Record excerpts:
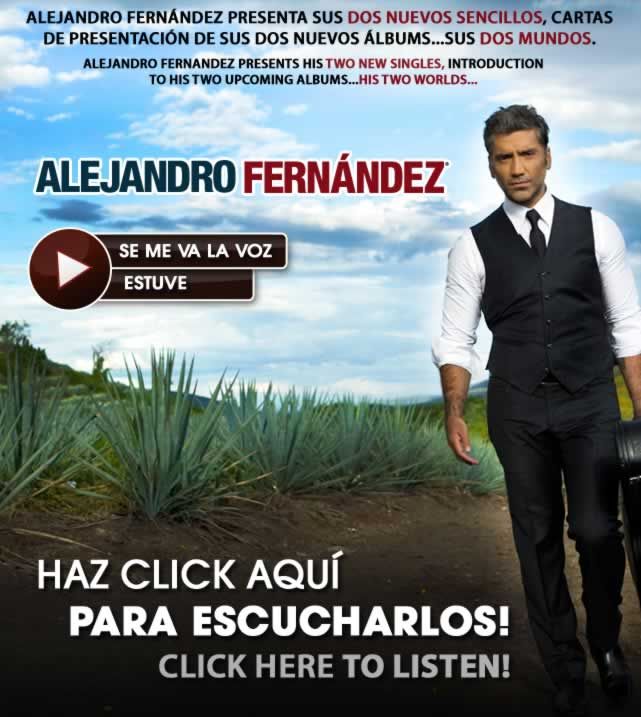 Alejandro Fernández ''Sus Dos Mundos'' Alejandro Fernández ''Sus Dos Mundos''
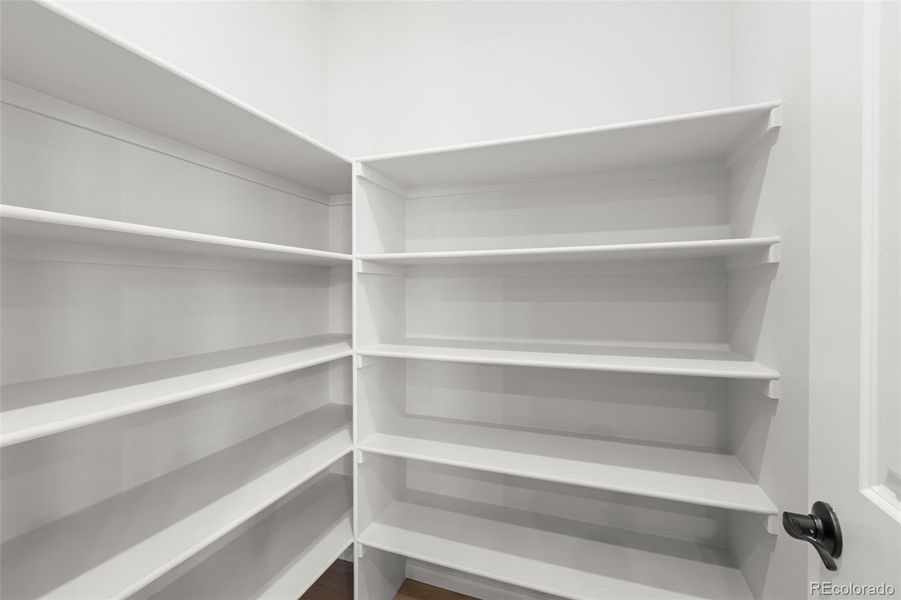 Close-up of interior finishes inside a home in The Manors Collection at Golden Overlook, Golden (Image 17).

--

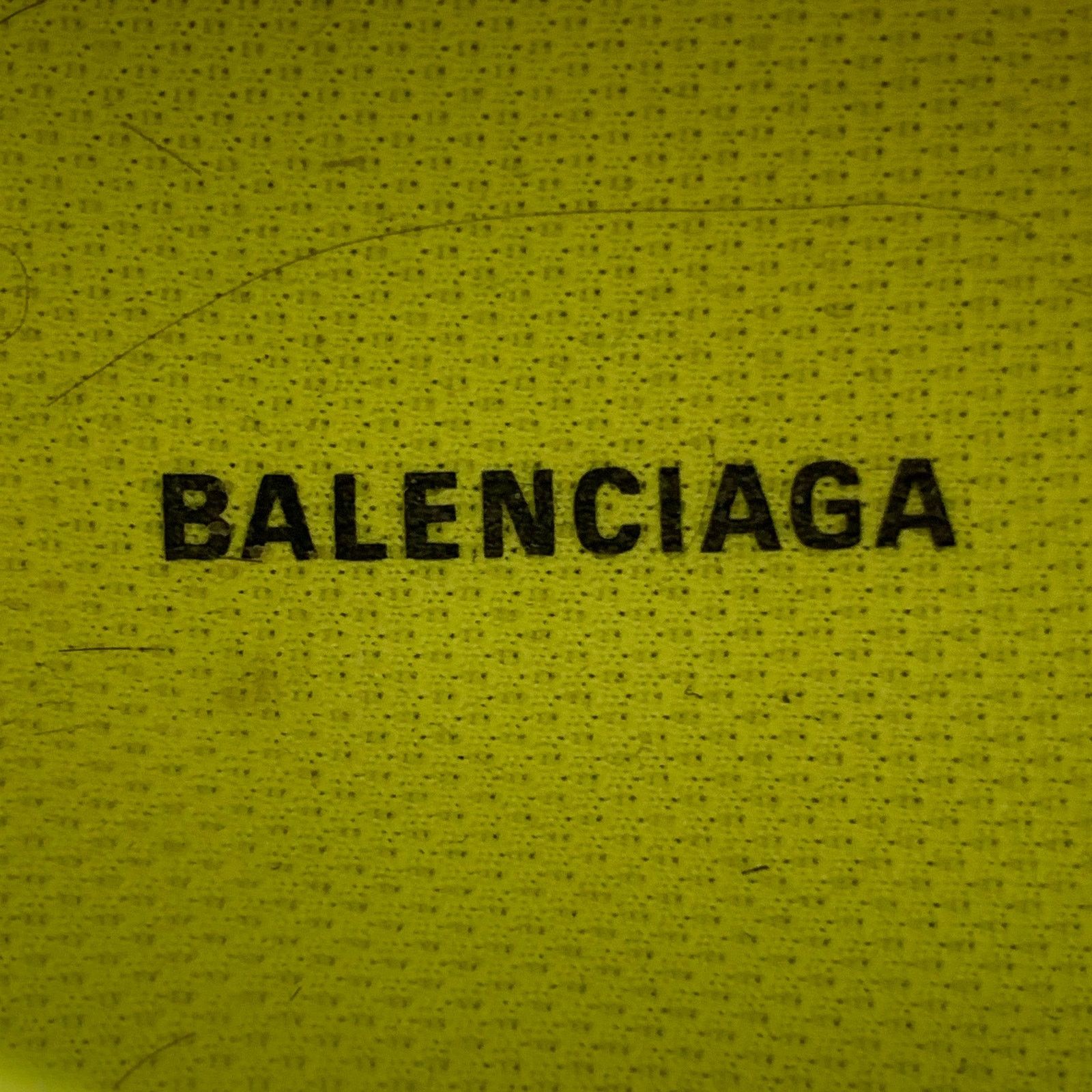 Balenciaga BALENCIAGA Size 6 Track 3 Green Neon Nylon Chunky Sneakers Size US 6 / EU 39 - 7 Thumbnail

Aim of the task: Everything above from the line containing "Alejandro Fernández ''Sus Dos Mundos'' Alejandro" down to the line containing "Close-up of interior" is to be duplicated exactly, both lines included, and the pictures are to be omitted.

Solution for this exercise:
 Alejandro Fernández ''Sus Dos Mundos'' Alejandro Fernández ''Sus Dos Mundos''
 Close-up of interior finishes inside a home in The Manors Collection at Golden Overlook, Golden (Image 17).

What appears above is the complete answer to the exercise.